Quite a mouthful there in a single sentence!
John Whitling

Our problem at the moment is a general misconception, even among many of those who manage our economy, about the process of funding government spending. It is extremely difficult to step away from the rules that govern every other aspect of our financial lives and place them in a mental box where they don’t influence perception. However, that is what we must do, and then force our leadership to do, to understand the dynamics of macroeconomics with a sovereign currency underpinning our economy. This gets even more distorted when the prevailing economic theories taught were arrived at under conditions that changed completely overnight. There are still no textbooks that reflect this new reality, or more than a handful of professors mentioning it in econ courses.

There is also the added factor of politics to deal with when the two accepted philosophies of governance maintain their positions in power by representing disparate views of the system as it “was”. A prominent politician in Washington, when shown the proof of the new reality in the system, stated “I can’t say that”, meaning it is too much of a departure from what the voters believe to be true to ever see the light of day in a campaign. The one common truth of political campaigns is that if you are explaining something you’ve already lost in an environment that accepts nothing but validation of voters belief systems. Credit for that probably is owed to the invisible transition made from the old to new in our financial system exactly for the purpose of avoiding political upheaval, right down to the wording used to describe functions and categories no longer fitting their original intent.

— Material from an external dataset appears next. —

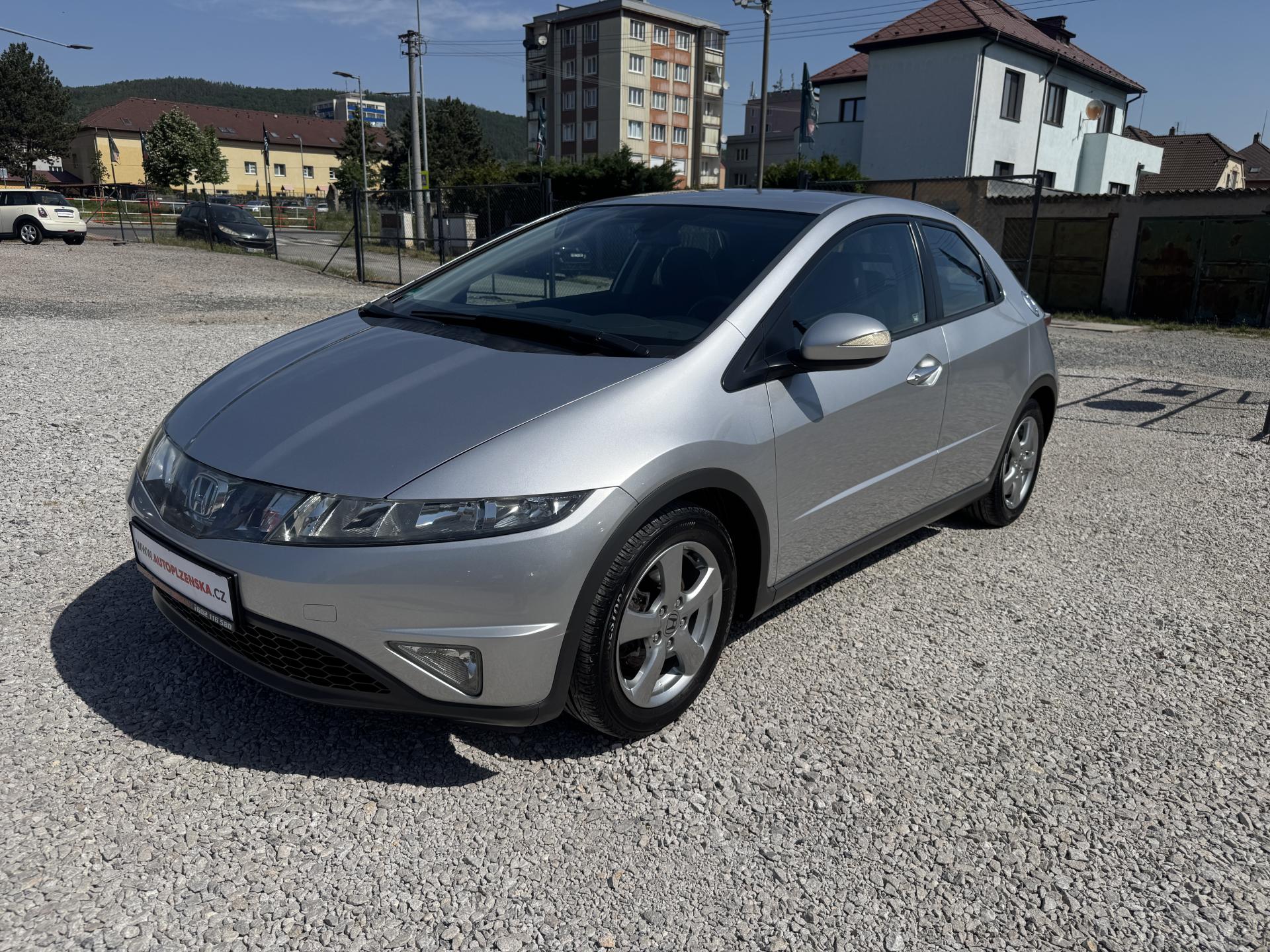 Honda Civic 1,4i SPORT,PĚKNÉ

The important thing to understanding modern monetary theory is keeping a mental picture of a spreadsheet of the entire “economic system” in mind so that numbers from the public (government) side must also find their way to an opposing value on the private (economy) side, which is what we really want to influence. In that context “deficits” become income that remain in the economy after other currency is “canceled” by taxation and ends its effective life-cycle. “Debt” then becomes an accumulation of deficits, or savings/wealth in the private sector, represented by Treasury instruments that were purchased with existing currency and only denominated in dollars. This purchase of debt obligations has the same net effect as taxation on the currency supply in the economy except it offers an interest component used to give a rate floor to investors and set bond prices. It is accounted for in a naming system adopted from the accounting practices of the gold standard which fails to accurately describe how the currency moves across the divide between public and private, and therein lies the source of confusion.